━━━━━ INPUT

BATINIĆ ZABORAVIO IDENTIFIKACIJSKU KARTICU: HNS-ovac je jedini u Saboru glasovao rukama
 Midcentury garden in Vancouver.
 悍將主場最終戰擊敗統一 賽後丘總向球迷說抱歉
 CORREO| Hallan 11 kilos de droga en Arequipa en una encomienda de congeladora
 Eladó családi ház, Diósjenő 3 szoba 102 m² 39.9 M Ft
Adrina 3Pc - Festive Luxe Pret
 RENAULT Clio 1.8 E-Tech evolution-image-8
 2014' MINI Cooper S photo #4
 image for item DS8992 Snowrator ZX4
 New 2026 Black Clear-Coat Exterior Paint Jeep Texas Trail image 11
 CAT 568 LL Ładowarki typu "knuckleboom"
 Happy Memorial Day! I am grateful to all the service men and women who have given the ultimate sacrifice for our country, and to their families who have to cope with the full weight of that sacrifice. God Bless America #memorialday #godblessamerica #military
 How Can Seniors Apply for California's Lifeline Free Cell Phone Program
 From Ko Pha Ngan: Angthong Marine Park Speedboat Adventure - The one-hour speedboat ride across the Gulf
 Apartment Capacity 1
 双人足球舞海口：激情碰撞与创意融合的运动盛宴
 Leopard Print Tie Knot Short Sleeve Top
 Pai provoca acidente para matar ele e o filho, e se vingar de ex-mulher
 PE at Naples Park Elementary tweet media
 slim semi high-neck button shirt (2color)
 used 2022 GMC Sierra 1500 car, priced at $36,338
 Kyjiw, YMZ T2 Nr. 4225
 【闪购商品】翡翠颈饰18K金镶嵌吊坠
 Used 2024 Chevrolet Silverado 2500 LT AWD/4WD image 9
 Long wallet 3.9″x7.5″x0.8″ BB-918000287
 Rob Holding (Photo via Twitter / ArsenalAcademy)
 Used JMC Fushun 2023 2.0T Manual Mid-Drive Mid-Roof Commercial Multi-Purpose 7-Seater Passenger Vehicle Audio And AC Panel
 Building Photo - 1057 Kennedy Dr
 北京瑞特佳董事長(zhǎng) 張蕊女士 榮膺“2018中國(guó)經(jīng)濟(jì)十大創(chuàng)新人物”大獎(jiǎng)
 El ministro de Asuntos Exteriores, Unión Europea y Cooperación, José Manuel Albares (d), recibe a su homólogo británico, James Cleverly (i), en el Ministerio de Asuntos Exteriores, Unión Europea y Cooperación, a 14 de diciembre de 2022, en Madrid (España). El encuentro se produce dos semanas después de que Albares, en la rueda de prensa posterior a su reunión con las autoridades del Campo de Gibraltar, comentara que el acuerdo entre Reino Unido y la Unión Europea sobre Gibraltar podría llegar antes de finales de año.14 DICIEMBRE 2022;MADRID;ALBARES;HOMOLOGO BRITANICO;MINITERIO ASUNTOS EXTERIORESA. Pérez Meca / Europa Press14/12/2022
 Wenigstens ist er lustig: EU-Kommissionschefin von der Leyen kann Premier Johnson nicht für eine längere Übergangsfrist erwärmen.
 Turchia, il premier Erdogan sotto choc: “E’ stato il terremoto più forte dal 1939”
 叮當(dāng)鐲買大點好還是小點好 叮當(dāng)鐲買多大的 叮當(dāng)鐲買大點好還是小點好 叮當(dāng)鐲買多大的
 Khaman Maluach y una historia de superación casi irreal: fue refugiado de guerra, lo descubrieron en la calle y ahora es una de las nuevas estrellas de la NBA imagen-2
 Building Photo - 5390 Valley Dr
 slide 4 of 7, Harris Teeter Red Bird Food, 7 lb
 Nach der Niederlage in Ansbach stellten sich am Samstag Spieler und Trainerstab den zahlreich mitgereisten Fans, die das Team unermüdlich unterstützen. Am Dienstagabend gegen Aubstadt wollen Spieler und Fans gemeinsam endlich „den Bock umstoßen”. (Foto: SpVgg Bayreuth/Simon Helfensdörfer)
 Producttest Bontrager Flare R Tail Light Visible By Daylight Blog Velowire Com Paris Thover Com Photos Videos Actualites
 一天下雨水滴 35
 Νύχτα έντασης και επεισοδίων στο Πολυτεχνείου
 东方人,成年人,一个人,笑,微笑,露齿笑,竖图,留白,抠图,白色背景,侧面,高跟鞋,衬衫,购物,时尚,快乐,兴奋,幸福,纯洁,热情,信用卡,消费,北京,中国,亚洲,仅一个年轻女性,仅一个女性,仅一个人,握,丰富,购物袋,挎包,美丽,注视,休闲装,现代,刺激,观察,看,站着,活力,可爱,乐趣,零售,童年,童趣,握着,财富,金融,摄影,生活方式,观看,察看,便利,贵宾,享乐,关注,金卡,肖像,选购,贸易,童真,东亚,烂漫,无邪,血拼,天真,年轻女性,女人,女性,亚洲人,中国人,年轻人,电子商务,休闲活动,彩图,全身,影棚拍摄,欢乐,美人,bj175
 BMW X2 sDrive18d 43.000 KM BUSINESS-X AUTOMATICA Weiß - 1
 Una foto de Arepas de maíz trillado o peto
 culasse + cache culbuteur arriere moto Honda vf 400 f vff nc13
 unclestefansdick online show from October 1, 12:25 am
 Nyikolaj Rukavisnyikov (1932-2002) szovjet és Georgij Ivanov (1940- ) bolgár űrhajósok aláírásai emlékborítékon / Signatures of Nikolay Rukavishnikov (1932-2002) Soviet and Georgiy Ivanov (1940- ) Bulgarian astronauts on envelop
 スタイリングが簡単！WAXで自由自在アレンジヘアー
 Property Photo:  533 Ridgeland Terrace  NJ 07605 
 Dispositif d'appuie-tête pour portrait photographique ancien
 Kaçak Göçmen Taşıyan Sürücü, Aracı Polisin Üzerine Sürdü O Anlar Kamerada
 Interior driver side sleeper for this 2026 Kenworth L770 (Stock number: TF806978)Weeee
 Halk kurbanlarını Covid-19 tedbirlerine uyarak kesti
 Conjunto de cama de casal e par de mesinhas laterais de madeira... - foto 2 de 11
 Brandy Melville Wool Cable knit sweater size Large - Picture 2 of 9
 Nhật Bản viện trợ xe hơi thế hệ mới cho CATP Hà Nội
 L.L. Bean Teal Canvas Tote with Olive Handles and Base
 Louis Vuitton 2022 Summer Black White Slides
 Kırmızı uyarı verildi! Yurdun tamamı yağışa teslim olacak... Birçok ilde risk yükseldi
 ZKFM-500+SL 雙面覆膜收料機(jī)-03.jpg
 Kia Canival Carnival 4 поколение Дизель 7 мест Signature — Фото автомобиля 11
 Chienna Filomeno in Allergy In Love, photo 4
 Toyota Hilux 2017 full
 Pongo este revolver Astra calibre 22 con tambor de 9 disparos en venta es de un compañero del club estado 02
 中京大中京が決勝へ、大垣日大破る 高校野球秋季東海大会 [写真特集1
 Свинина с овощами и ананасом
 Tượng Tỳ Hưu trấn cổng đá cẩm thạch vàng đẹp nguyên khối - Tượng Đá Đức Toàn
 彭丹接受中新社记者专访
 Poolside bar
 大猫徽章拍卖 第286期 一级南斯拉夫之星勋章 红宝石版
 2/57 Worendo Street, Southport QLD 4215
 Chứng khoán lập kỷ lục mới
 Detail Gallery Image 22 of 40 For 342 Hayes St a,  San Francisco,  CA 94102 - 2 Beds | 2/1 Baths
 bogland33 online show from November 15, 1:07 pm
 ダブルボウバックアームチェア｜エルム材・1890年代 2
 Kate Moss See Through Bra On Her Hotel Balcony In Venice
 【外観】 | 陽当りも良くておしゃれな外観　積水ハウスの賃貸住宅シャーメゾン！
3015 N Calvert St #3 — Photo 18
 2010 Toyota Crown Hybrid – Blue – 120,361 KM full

━━━━━━━━━━

**ACTIVITY**: The output must consist solely of the lines from the first line of the records through the line containing "CAT 568 LL Ładowarki", reproduced exactly.

**SOLUTION TO THIS EXERCISE**:
BATINIĆ ZABORAVIO IDENTIFIKACIJSKU KARTICU: HNS-ovac je jedini u Saboru glasovao rukama
 Midcentury garden in Vancouver.
 悍將主場最終戰擊敗統一 賽後丘總向球迷說抱歉
 CORREO| Hallan 11 kilos de droga en Arequipa en una encomienda de congeladora
 Eladó családi ház, Diósjenő 3 szoba 102 m² 39.9 M Ft
Adrina 3Pc - Festive Luxe Pret
 RENAULT Clio 1.8 E-Tech evolution-image-8
 2014' MINI Cooper S photo #4
 image for item DS8992 Snowrator ZX4
 New 2026 Black Clear-Coat Exterior Paint Jeep Texas Trail image 11
 CAT 568 LL Ładowarki typu "knuckleboom"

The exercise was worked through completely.